To ensure it can properly channel electrical energy, every power supply possesses a power input, (which receives incoming energy) and a power output (which transmits converted energy to the load). Usually, a power supply’s input and output are made up of hardwired circuit connectors or electrical connectors. (Some power supplies, instead of employing galvanic connections, utilize wireless energy transfer). The electrical energy that the power input receives may come from a number of sources, such as electrical transmission systems, solar power converters, fuel cells, batteries, and other energy storage devices, generators, and alternators.

Even though power supplies can vary widely, there are a few other components that many of them share in common. For example, many computing power supplies have some type of input voltage switch, which enables power cords to work in different countries by adjusting the external power coming through electrical outlets.

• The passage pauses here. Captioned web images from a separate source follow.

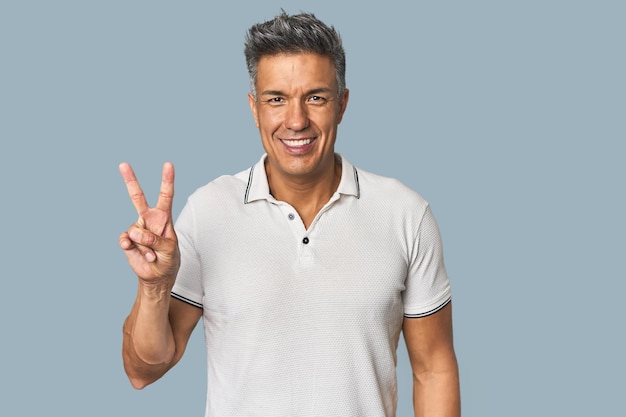 Middleaged Latino man showing victory sign and smiling broadly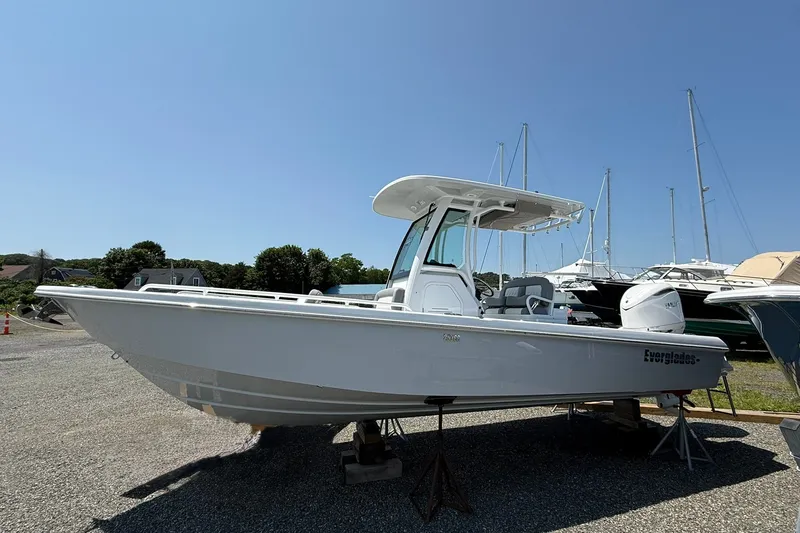 The Image of 2026 Everglades 253 Center Console boat on display in a marina setting. - 0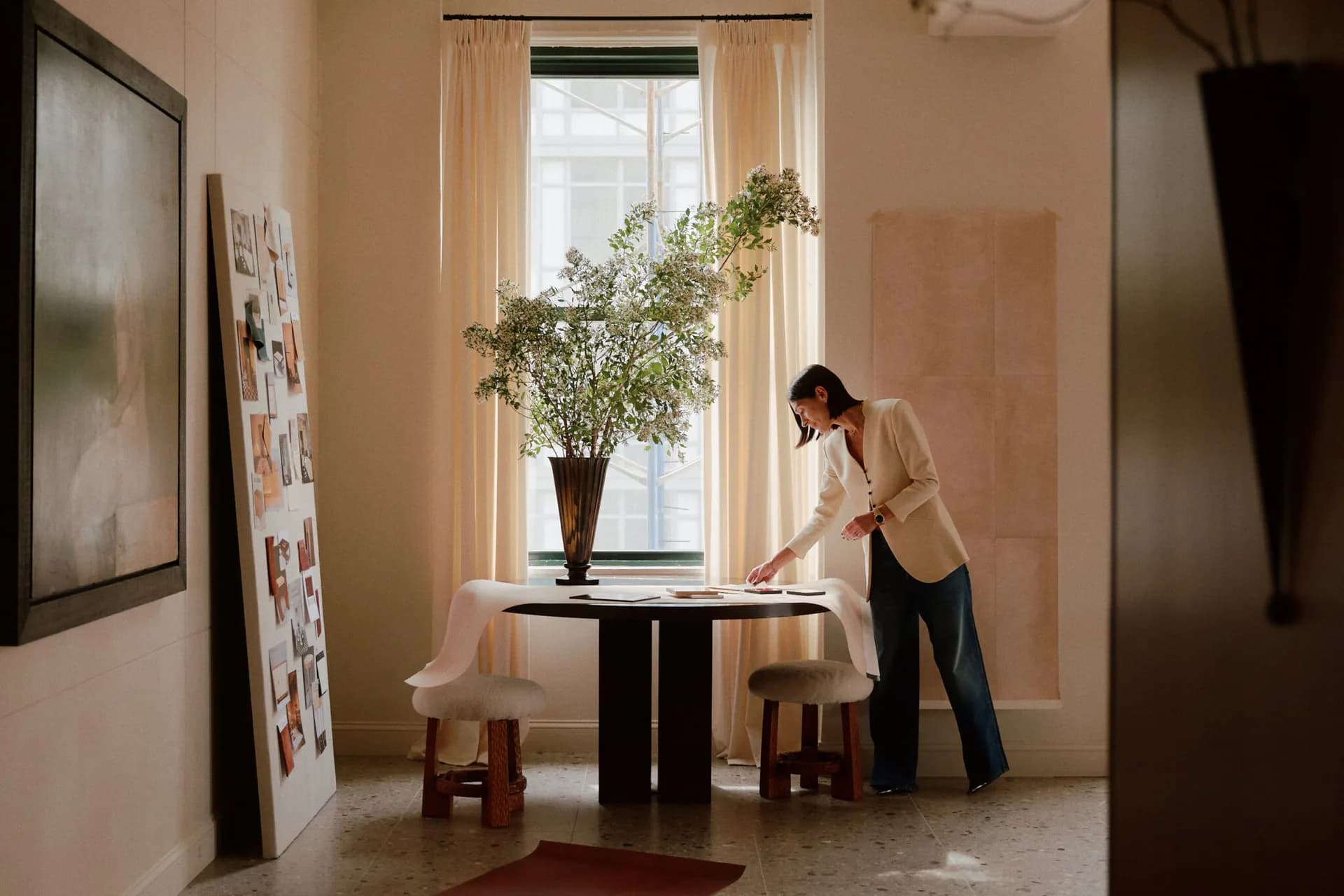 A warm, minimalist interior with peachy-toned walls features a black round table with potted greenery by a tall window with sheer curtains, styled by Calico Wallpaper.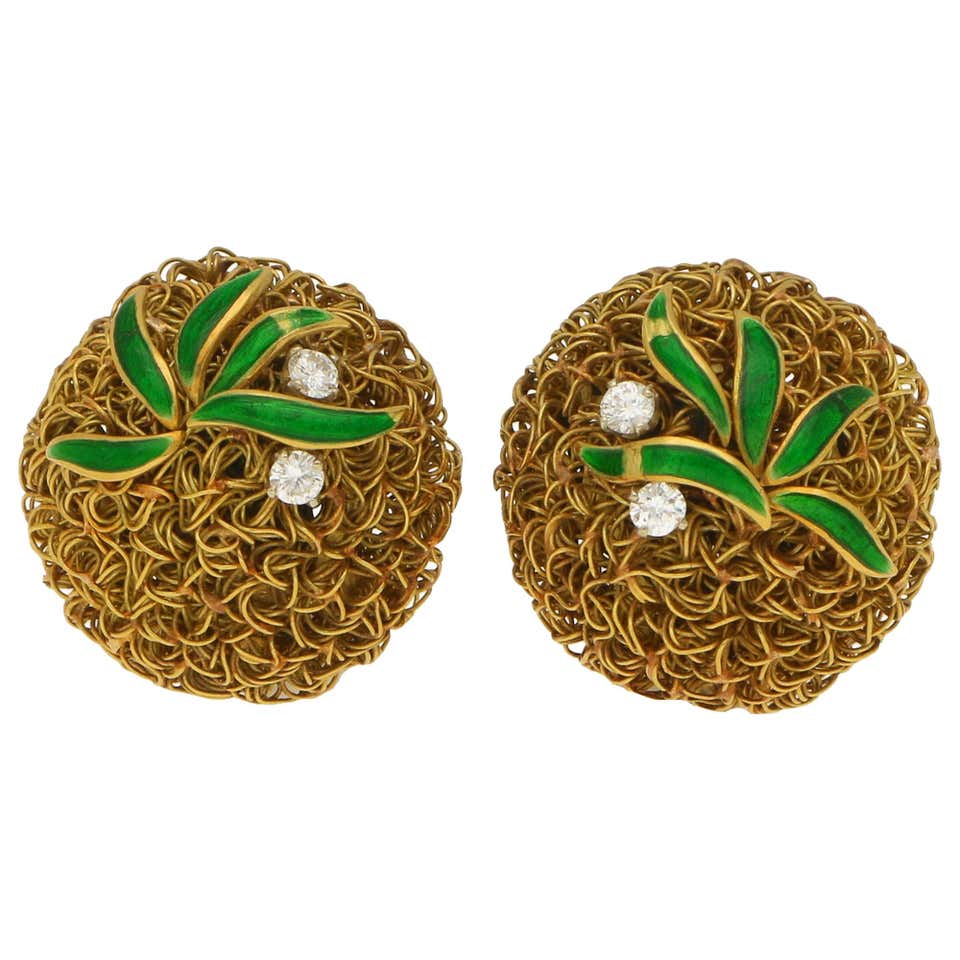 A pair of gold wire work clips earrings set with enamel leaves and diamonds.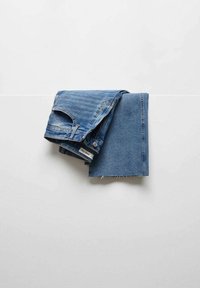 Gefaltete blaue Jeans aus Denim vor einem schlichten weißen Hintergrund, sichtbare Nähte und ein kleines weißes Etikett.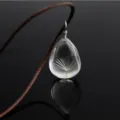 Close-up detail of a transparent teardrop glass pendant necklace featuring a real dandelion seed. - Dandelion Teardrop / Brown Chain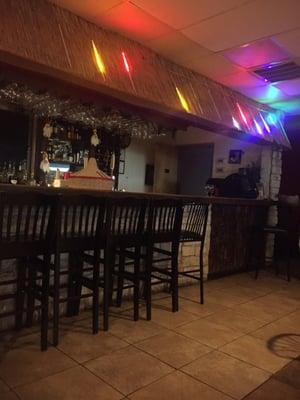 Cool tiki type bar with moving lights.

There are a number of ways in which power supplies may be divided or categorized. Often, power supplies are classified by their function, mechanical structure, or power conversion method (either separately or simultaneously).

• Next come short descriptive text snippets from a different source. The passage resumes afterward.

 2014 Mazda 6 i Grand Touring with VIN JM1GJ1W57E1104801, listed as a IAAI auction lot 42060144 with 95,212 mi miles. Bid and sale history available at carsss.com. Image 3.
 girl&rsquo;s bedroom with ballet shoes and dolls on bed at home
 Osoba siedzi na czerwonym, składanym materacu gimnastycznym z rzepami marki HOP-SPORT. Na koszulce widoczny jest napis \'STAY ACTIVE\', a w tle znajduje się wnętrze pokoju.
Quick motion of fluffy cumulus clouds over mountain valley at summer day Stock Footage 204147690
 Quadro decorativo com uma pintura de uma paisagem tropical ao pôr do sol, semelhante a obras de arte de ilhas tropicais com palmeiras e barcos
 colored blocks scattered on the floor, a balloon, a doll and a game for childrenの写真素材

Classifications by Conversion Methods

In light of the aforementioned definitions of power supply, methods of power conversion are obviously an important aspect of categorizing power supplies in general. Power supplies are commonly described as converting incoming electric current into the correct output of current, voltage, of frequency.

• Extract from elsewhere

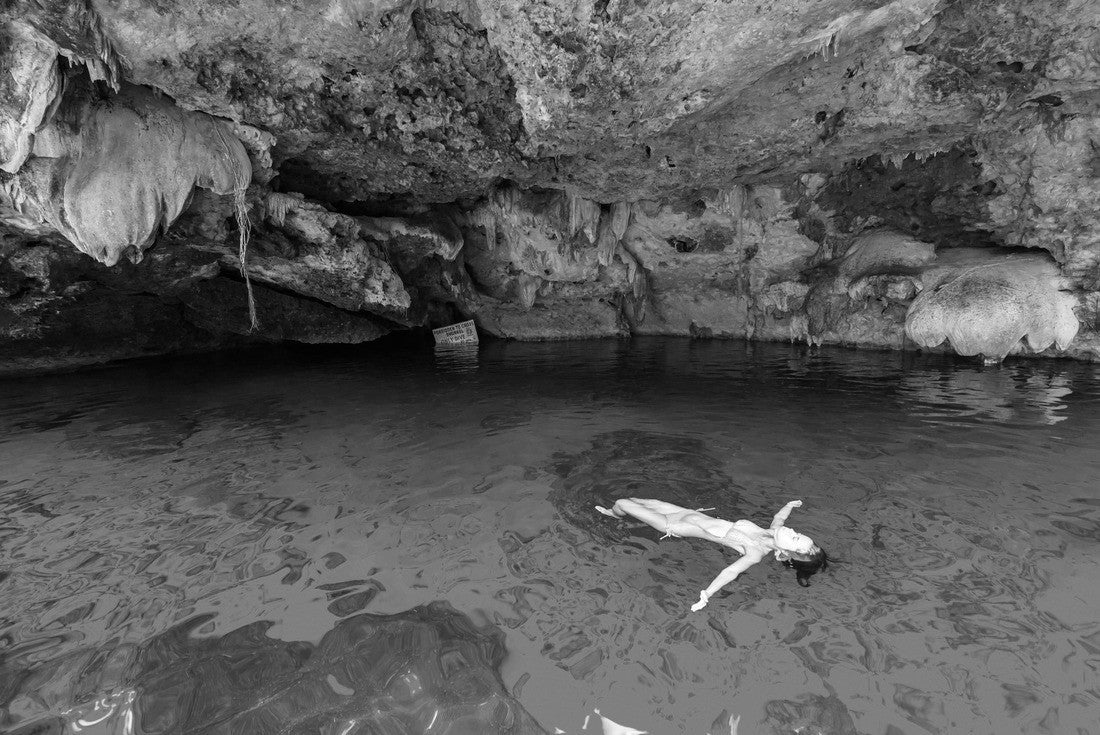 Cenote Dos Ojos in Quintana Roo, Mexico. People swimming and snorkeling in clear blue water. This cenote is located near Tulum on the Yucatan Peninsula, Mexico 2000pc PuzzleBlack and White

Current is the specific rate at which electric charge flows.

Voltage specifically refers to the electric charge differential between two separate points in an electric circuit (it can be thought of as the phenomenon responsible for producing current).

Frequency refers to the number of electric circuit cycles which occur inside a predefined unit of time.

From a high-level perspective, power supplies can be divided into linear and switching types.

Linear power supplies process input power directly, and all of their active conversion components are contained inside their linear operating regions. One example of this is a frequency to voltage converter, which uses an operational amplifier to manage linear signals.
Switching power supplies make up the majority of power supplies. They work by taking input power and convert it to alternating current (AC) or direct current (DC) pulses before processing it. The converting components of switching power supplies primarily operate in non-linear regions, resulting in a better level of efficiency.

Since most power supplies are switching types, a major dividing line between power supplies is whether they operate using alternating currents (AC) or direct currents (DC). The difference between AC and DC power is quite straightforward. AC power supplies operate via an electrical charge that periodically reverses (or alternates) direction at consistent intervals. (The measure of the alteration of a current is represented by a unit of frequency called Hertz, which is defined as one cycle per second. A 60 Hertz (Hz) current alternates sixty times in one second.) DC power supplies, on the other hand, use an electrical charge that flows only in a single linear direction. Power supplies may convert one type of flow into another (e.g. an AC-DC power supply) or change one type of current to a different level of intensity.

Classification by Output

Functionally, power supplies may be divided into the following categories:

Regulated power supplies maintain a constant output regardless of variations in input. (Both input and output are typically discussed in terms of current or voltage.) They operate by using a voltage regulator in conjunction with their output component. Some regulated power supplies can use multiple voltage regulators to maintain different outputs for separate devices.

Unregulated power supplies produce output that will not remain at a fixed value in terms of voltage or current. In contrast, the output of such power supplies may vary wildly as their load currents or input voltages are altered. These types of power supplies often vary input by switching power sources on and off in accordance with voltage oscillation within the system. (As a result, members of this family may also be known as switched mode power supplies.)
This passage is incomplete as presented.